Born in Florida in 1963, Ed Wilcox lived around the world before attending The Pennsylvania Academy of Fine Arts where he graduated with honors in 1985. He worked in scenery design for theater, ballet and TV. In 1992 he tossed aside a promising career in art and took on drumming, singing and leading Temple of Bon Matin as well as playing with legendary saxophonist Arthur Doyle, punk rock legend Mikey Wild, the Strapping Fieldhands, Jim Shepard & V-3, Laundry Room Squelchers and Velocity Hopkins.

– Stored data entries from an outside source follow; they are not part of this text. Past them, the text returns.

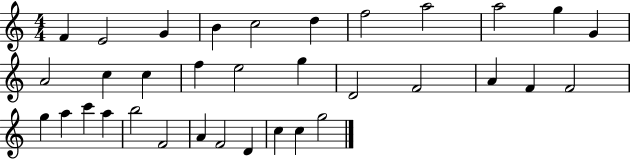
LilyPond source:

{
  \clef treble
  \numericTimeSignature
  \time 4/4
  \key c \major
  f'4 e'2 g'4 | b'4 c''2 d''4 | f''2 a''2 | a''2 g''4 g'4 | \break a'2 c''4 c''4 | f''4 e''2 g''4 | d'2 f'2 | a'4 f'4 f'2 | \break g''4 a''4 c'''4 a''4 | b''2 f'2 | a'4 f'2 d'4 | c''4 c''4 g''2 | \break \bar "|."
} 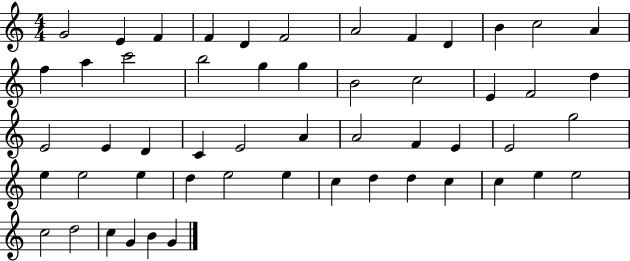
{
  \clef treble
  \numericTimeSignature
  \time 4/4
  \key c \major
  g'2 e'4 f'4 | f'4 d'4 f'2 | a'2 f'4 d'4 | b'4 c''2 a'4 | \break f''4 a''4 c'''2 | b''2 g''4 g''4 | b'2 c''2 | e'4 f'2 d''4 | \break e'2 e'4 d'4 | c'4 e'2 a'4 | a'2 f'4 e'4 | e'2 g''2 | \break e''4 e''2 e''4 | d''4 e''2 e''4 | c''4 d''4 d''4 c''4 | c''4 e''4 e''2 | \break c''2 d''2 | c''4 g'4 b'4 g'4 | \bar "|."
} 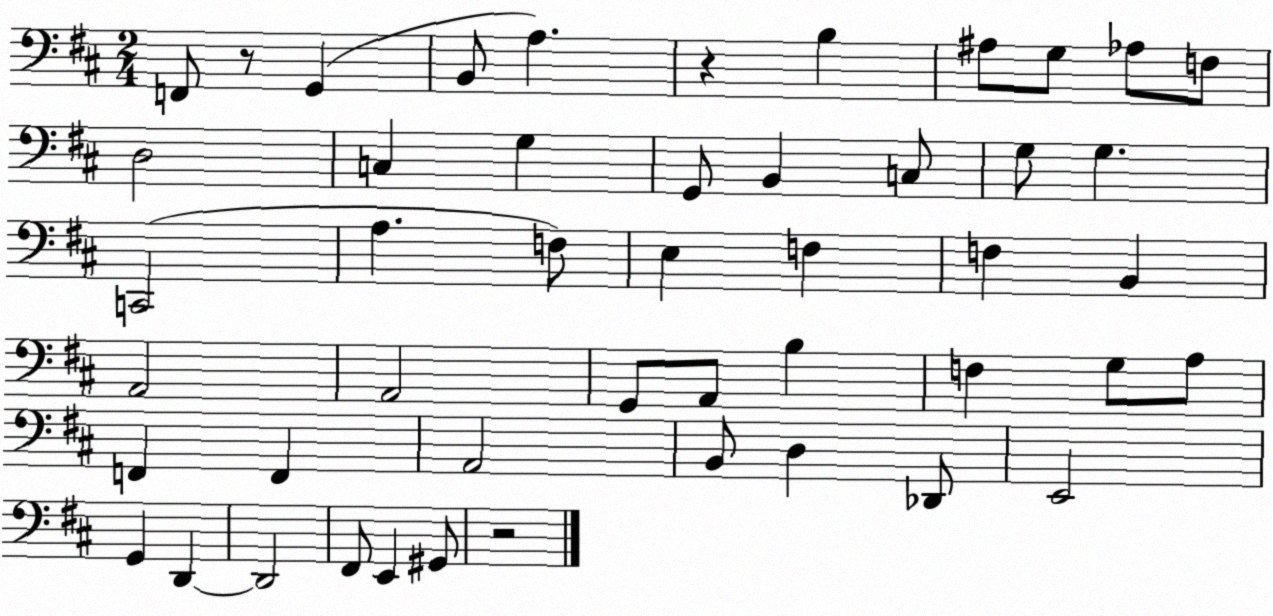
X:1
T:Untitled
M:2/4
L:1/4
K:D
F,,/2 z/2 G,, B,,/2 A, z B, ^A,/2 G,/2 _A,/2 F,/2 D,2 C, G, G,,/2 B,, C,/2 G,/2 G, C,,2 A, F,/2 E, F, F, B,, A,,2 A,,2 G,,/2 A,,/2 B, F, G,/2 A,/2 F,, F,, A,,2 B,,/2 D, _D,,/2 E,,2 G,, D,, D,,2 ^F,,/2 E,, ^G,,/2 z2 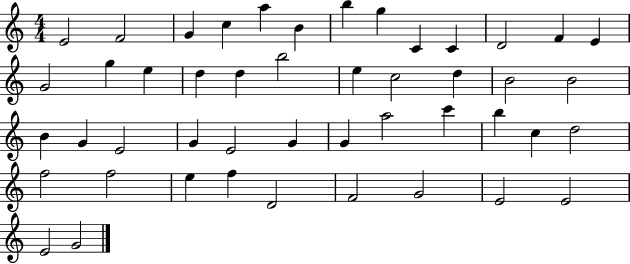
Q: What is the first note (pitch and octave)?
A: E4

Citing Ginger Baker, Keith Moon, Ted Parsons and Martin Atkins to name a few as his favorite drummers, Ed has a drumming style all his own. Flailing arms,crashing cymbals and gongs,pounding bass- all on a drum set that looks to be designed by Peter Max and a group of rouge arc welders, Ed is a show in his own right.

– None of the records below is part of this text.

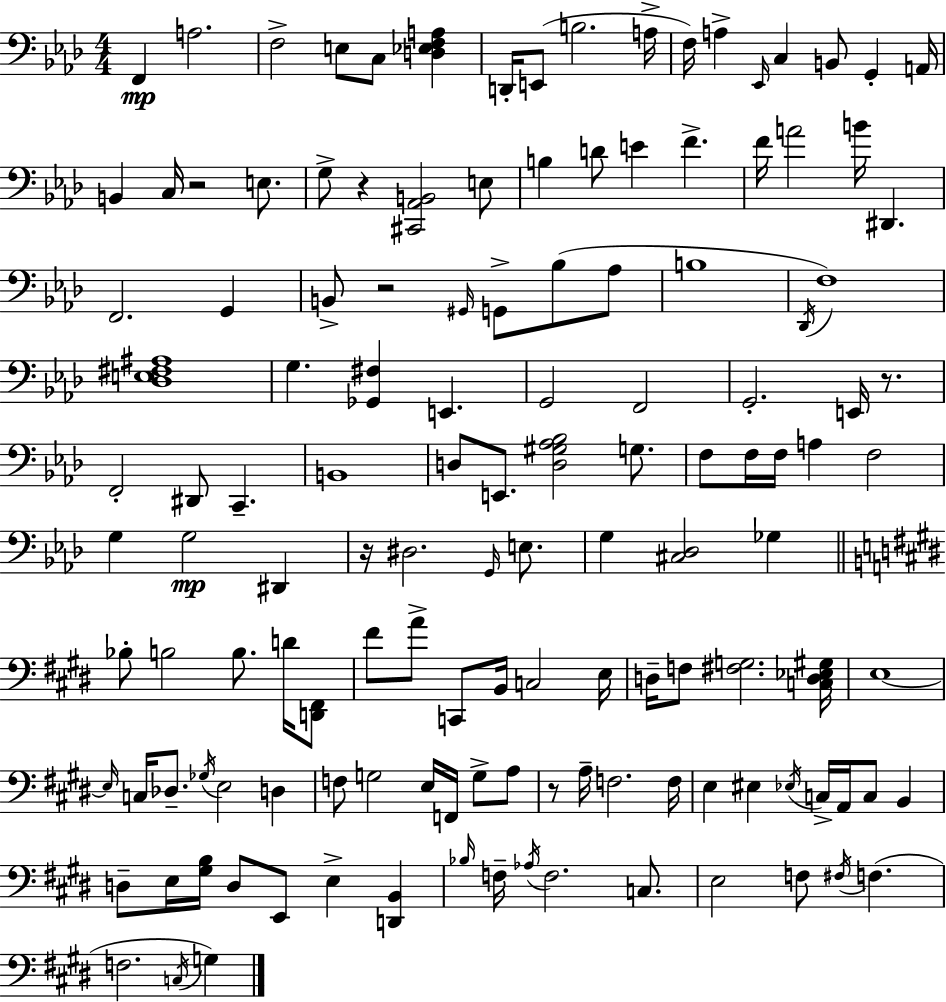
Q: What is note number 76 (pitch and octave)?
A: D3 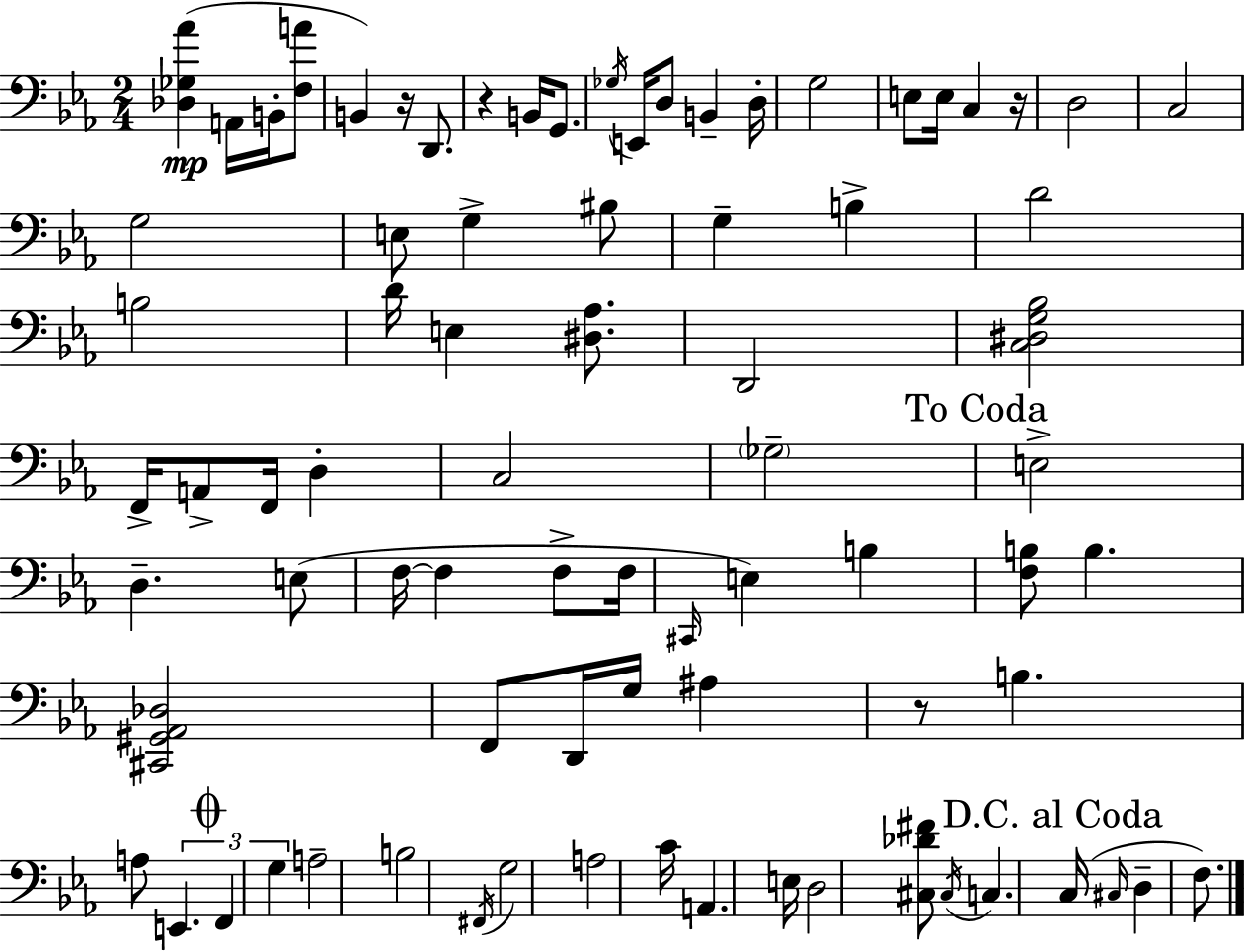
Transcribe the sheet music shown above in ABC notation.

X:1
T:Untitled
M:2/4
L:1/4
K:Eb
[_D,_G,_A] A,,/4 B,,/4 [F,A]/2 B,, z/4 D,,/2 z B,,/4 G,,/2 _G,/4 E,,/4 D,/2 B,, D,/4 G,2 E,/2 E,/4 C, z/4 D,2 C,2 G,2 E,/2 G, ^B,/2 G, B, D2 B,2 D/4 E, [^D,_A,]/2 D,,2 [C,^D,G,_B,]2 F,,/4 A,,/2 F,,/4 D, C,2 _G,2 E,2 D, E,/2 F,/4 F, F,/2 F,/4 ^C,,/4 E, B, [F,B,]/2 B, [^C,,^G,,_A,,_D,]2 F,,/2 D,,/4 G,/4 ^A, z/2 B, A,/2 E,, F,, G, A,2 B,2 ^F,,/4 G,2 A,2 C/4 A,, E,/4 D,2 [^C,_D^F]/2 ^C,/4 C, C,/4 ^C,/4 D, F,/2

Ed first teamed up with John Mulvaney to record the first Temple album and lay the blueprint of what was to come. At the time only a two piece they covered prog, avant garde territory reminiscent of Soft Machine and Sun Ra.

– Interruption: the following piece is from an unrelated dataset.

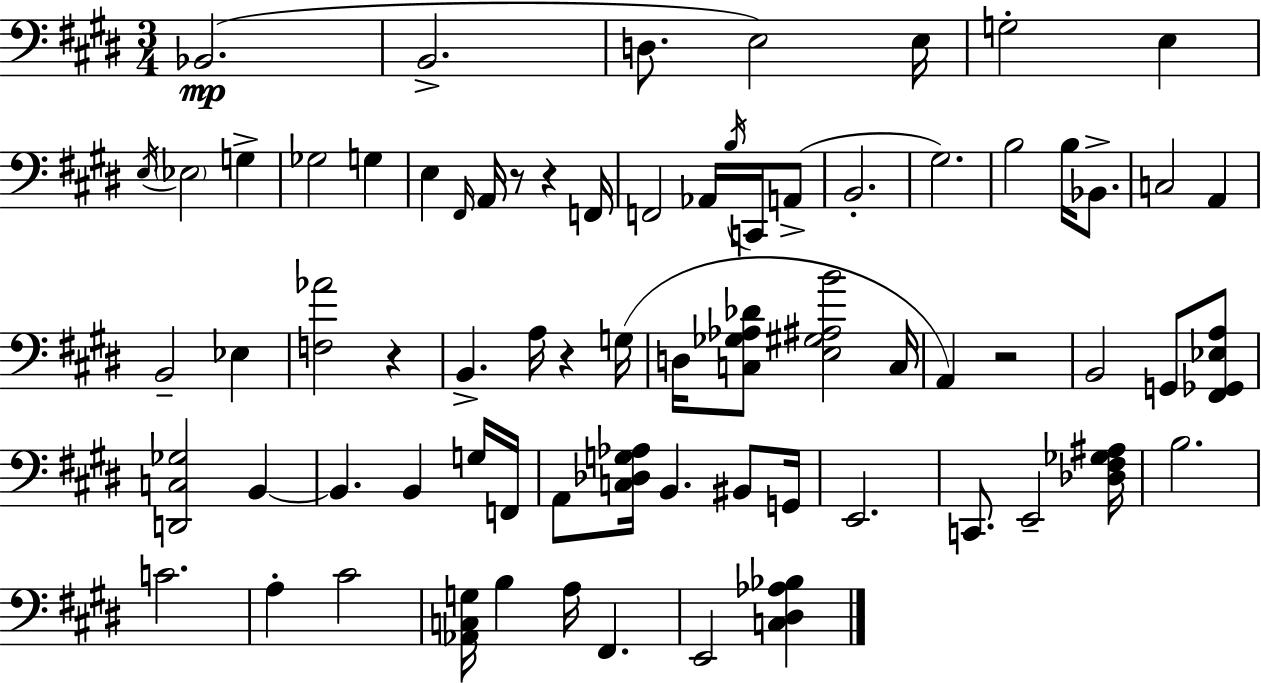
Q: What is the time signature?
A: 3/4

Ed teamed up later with Trevor Dixon and Mark Lux to record the highly acclaimed "Thunder, Feedback and Confusion" album. Released in 1993 by Siltbreeze records this album even more so defined the sound and style of Temple. Loud, noisy psychedelic rock that destroyed hearing and broke boundaries. The trio played shows extensively in their hometown of Philadelphia and the surrounding area causing a stir as well as a few eyebrows to be raised to the fact that psychedelic rock wasn't dead.

1995 saw the release of Temple's debut on Bulb Records, "Enduro, America's Most Loudness". The players were Frank Bradley (guitar), Mark Denardo (Bass), Rich Lamb (Bass), Angelo Madrigale (Drums) and Ed (Drums and Vocals). The music primal and grating, feedback soaked loops of pure sonic comfort. The best description "Merzbow meets L.A. Guns" or "America's High Rise". With Temple's growing notoriety as "America's Most Loudness" the band began to see some recognition for their efforts by the means of college radio play, rave reviews in zines and a now constant flux of shows spreading further away from the Philly homebase.

"Bullet in2 Mesmer's Brain" was released 1997 again on Bulb Records. The lineup changed once again, not getting stale Temple displayed a avant jazz feel, with live and studio tapes cut up and stuck together giving the record a bit of a hyperventilated, vertigo swirl. Perfomers were Charles Cohen(Synths), Elliot Levin(Sax and Flute),Linda Searnock(Guitar),Joe Z.(Bass),Rick Brackbill(Guitar/Turntables),Steve Buchanan(Guitar and Sax),Greg Chapman(Synths),the return of John Mulvaney(Synths) and of course Ed being Ed. This is free jazz!!

Over the next couple years many new faces came and went through the turnstiles that is T.O.B.M. A lot of shows and roads were traveled.

What do you get when a room full of musicians from different walks of life with different tastes who never played together are conducted by Ed Wilcox? "We've Got The Biggest Engine" released 1999 by Little Army Records is the answer. Too many musicians to list but Ed pulled it all together, putting yet another spin on what the world knows as Temple of Bon Matin.

More shows more noise... Then in 2001 "Cabin in the Sky" a Bulb Records limited edition vinyl pressing. Folky-art-noise-rock, showing a newer down home sound to Temple's ever eclectic array of styles.

2004 brought a new album and new label behind T.O.B.M., the album "Infidel" was released on Spirit of Orr records. A grittier, space/punk voodoo ritual including a whole different line up of various musicans and guest musicans than before. "Infidel" is earning the respect of critics, college radio and fans worldwide.